WHT Project

Folder Structure

HelloWhtProject
├── wht-project.yaml
└── models
└── ml-features.yaml

wht_project.yaml

The project file contains name of the profile to be used, along with model locations.

Models and Features

A model file in YAML describes the sources from where data is to be fetched and the conditions for creating output table. Feature is a single value derived by performing calculation or aggregation on a set of values.

The different kinds of models that can be created are:

  • ID Stitcher - You can create a detailed user journey across platforms and devices, by stitching together same data across sources.
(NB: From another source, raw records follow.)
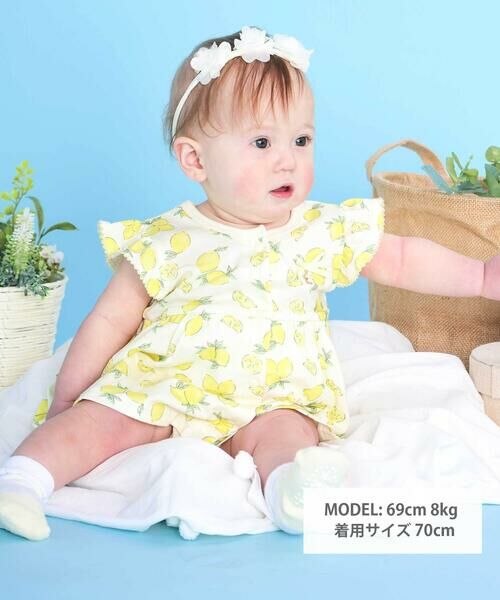 SLAP SLIP BABY / スラップ スリップ ベビー ロンパース | 【お揃い】アイスチェリーレモン総柄フリル袖ロンパースベビー(60~80cm) | 詳細13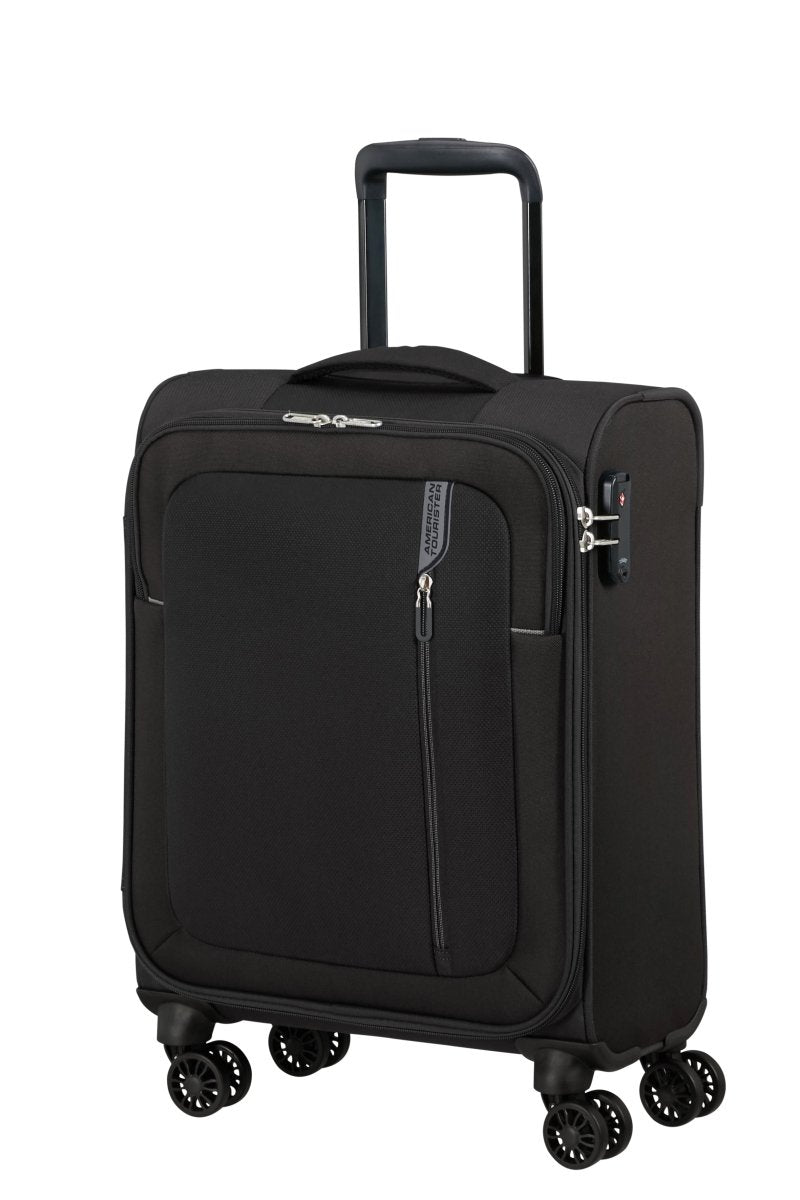 American Tourister Nitestream 55cm מזוודת קבינה מבד לעלייה למטוס 20" - תיק התיקיםAmerican Touristerטרולי עליה למטוס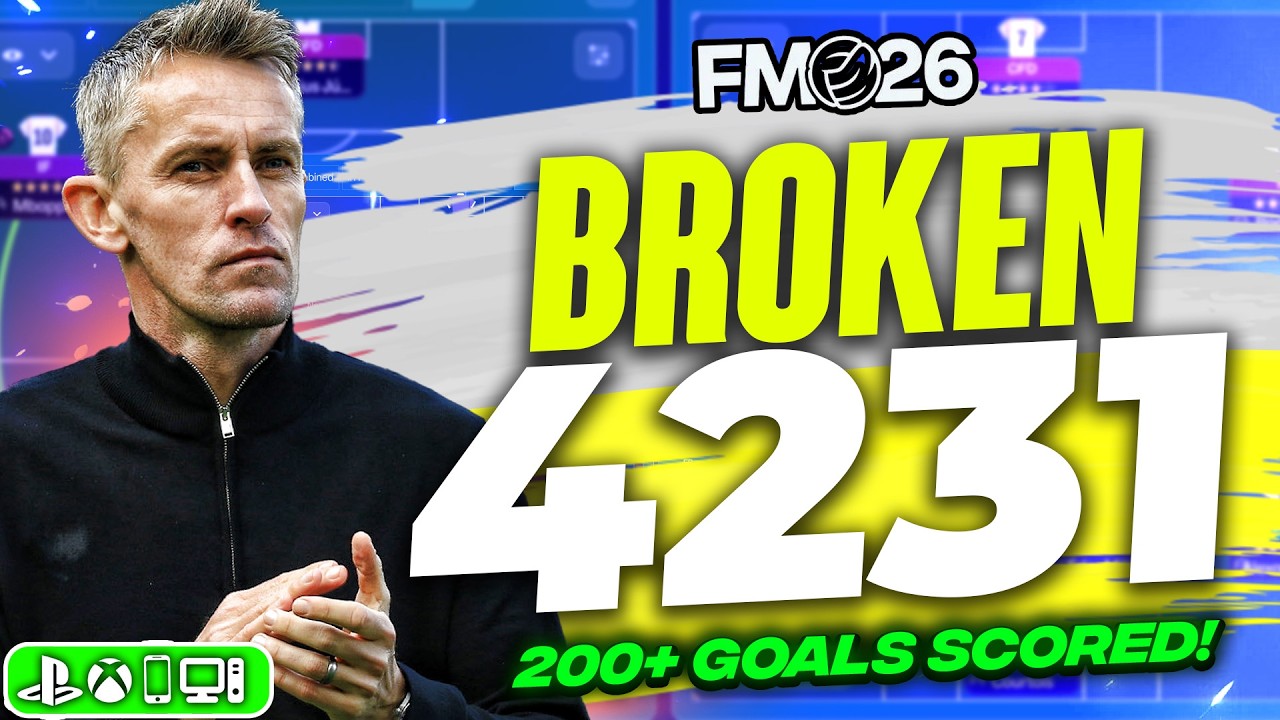 Эта сломанная тактика 4-2-3-1 в FM26 забила более 200 голов! | Лучшие тактики в FM26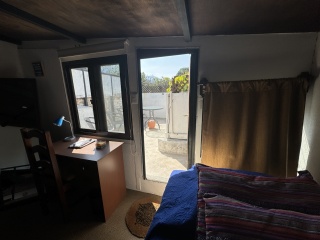 With a terrace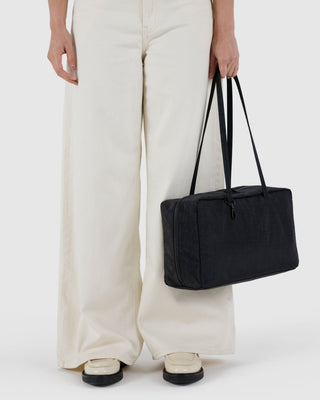 BAGGU - BAGGU Medium Nylon Bowler Bag - Black - COLORPOP
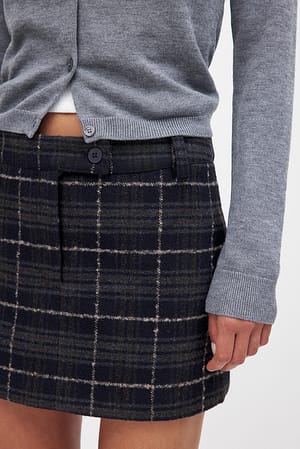 Checked Mini Skirt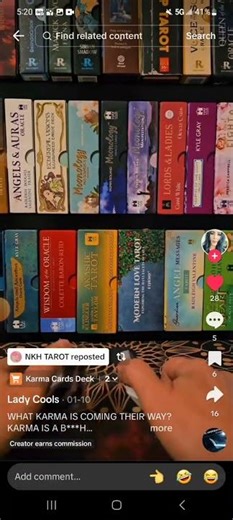 Karma cards review #karma #karmic #foryou #divination #karmaisabitch #karmasecrets #karmasays
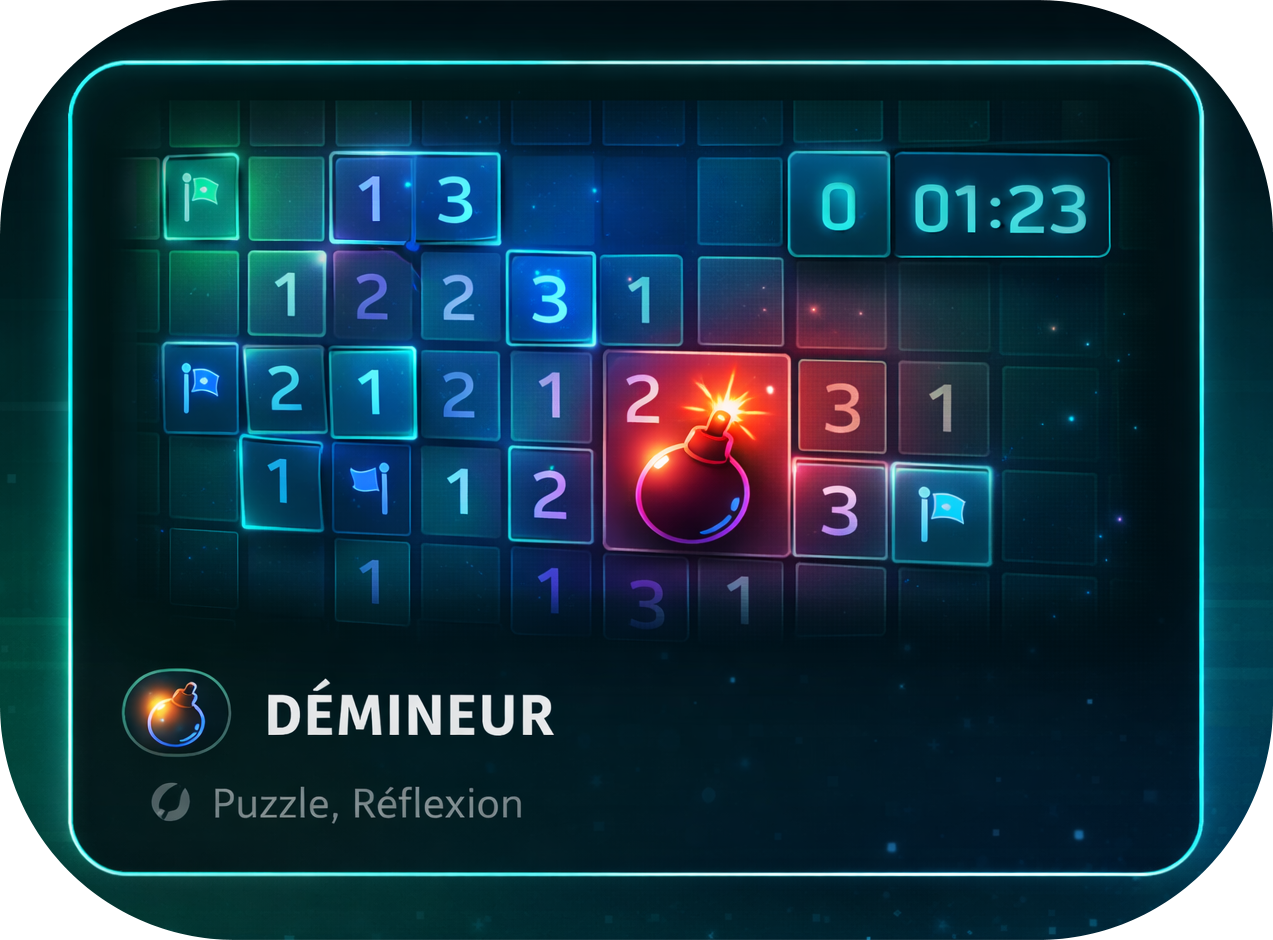 Démineur — jeu gratuit en ligne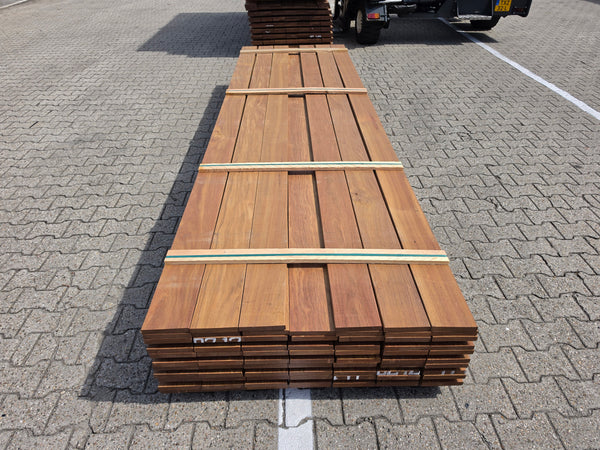 Guyana Ipé Planken Geschaafd - Lengte 365cm, 76 stuks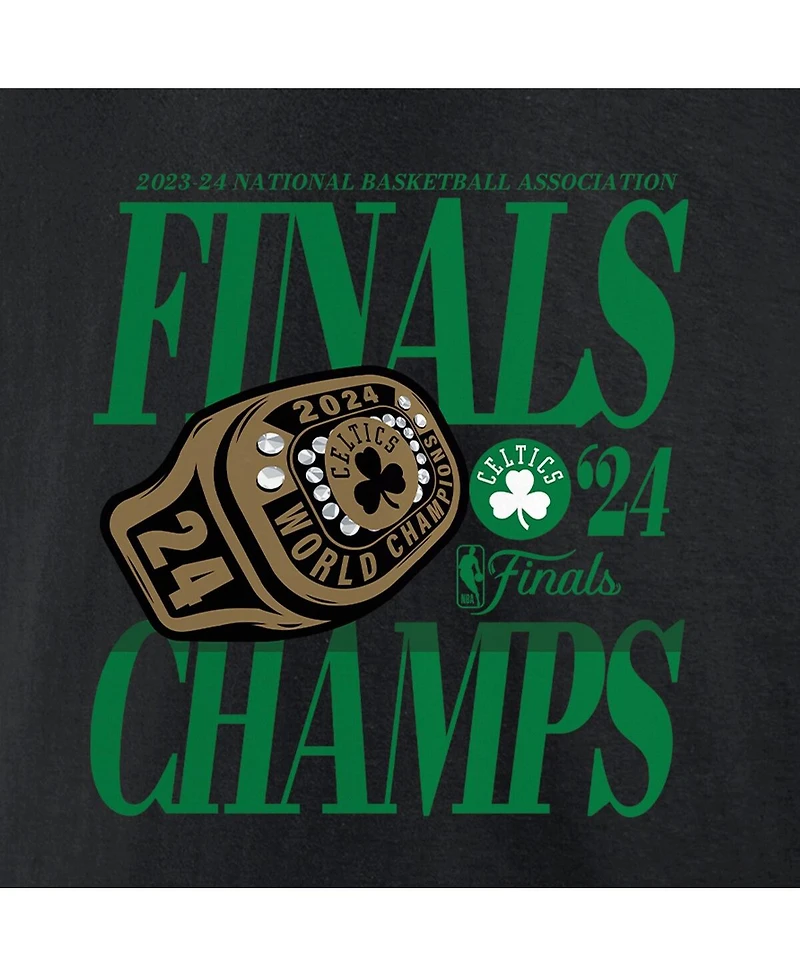Fanatics Men's Black Boston Celtics 2024 Nba Finals Champions Ball Screen Ring T-Shirt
  • Feature Tables - This allows you to create output tables with computations such as aggregation, average, etc. on selected fields.

  • Feature Tables ML Notebook - You can take ML Notebooks in Jupyter and add ML/AI capabilities to it.

  • Feature Tables External - Fetch data from your existing tables in the warehouse that are created by sources like DBT and Airbyte.

Timestamp of WHT Model Inputs

Whenever RudderStack Events or Cloud Extract load data on a warehouse, then it mentions timestamp in a column specifying the date and time the data was loaded. Say you want your models to fetch data that was loaded in the last 24 hours, then specify validity_time: 24h in the model YAML file.

In case you wish to fetch all the data from source tables irrespective of timestamp, then you can add timeless parameter to the query.

wht run -t timeless